Each image from the satellite Copernicus comes with a corresponding GEOJSON file. GEOJSON is an extension of regular json for supporting geospatial data. In this file there are a series of latitude and longitude coordinates provided which correspond to the four corners of the image.
Our tiles are cropped from the the satellite image and are 512 by 512 bits. When creating the image tiles we are dealing with a square and can just crop them by moving horizontally and vertically in 512 bit increments in a row by row fashion. These correspond to the naming scheme of the time-series tiles. For example 0-0-band-date.png is the top left-corner.
When generating the geojson files for the tile images we cannot proceed in the same way for the tile image. The image file represents a 2-d image on the earths surface and we need to account for the earths curvature.
To help with this we could make use of the library GeoPy.
Calculate the bearing between the points in our tiles as well as the distance, and with a given (lat,lon) bearing and distance we can calculate another (lat,lon) accurately and so we can accurately generate geometry files for each of our tiles.
Outline of approach:
Step 1: Get the top-left and top-right coordinates of the main area.

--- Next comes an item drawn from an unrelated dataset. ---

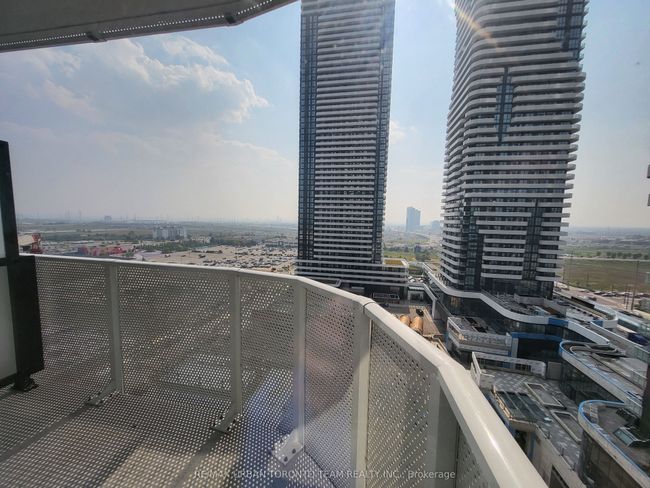 1603 - 28 Interchange Way, Condo with 2 bedrooms, 2 bathrooms and 1 parking in Concord ON | Image 5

Step 2: Get the bearing on the line joining the coordinates.
Step 3: The angle of the line joining the top-left of the BIG images and the top left of the tile is measured.
Step 4: The angle is added to the bearing in step 2 to get the bearing of the top-left of the tile.
Step 5: The distance of the top-left of the BIG images and the top left of the tile is measured.
Step 6: The latitude and longitude of the top-left of the tile is calculated using the distance and bearings of step 4 and step 5.
The cause of the issue in the initial mask was that the geometry files did not align with image files for each tile, so pixels were associated with the coordinates that should have been associated to another pixel ( several pixels earlier) which is what caused the misalignment in the x direction.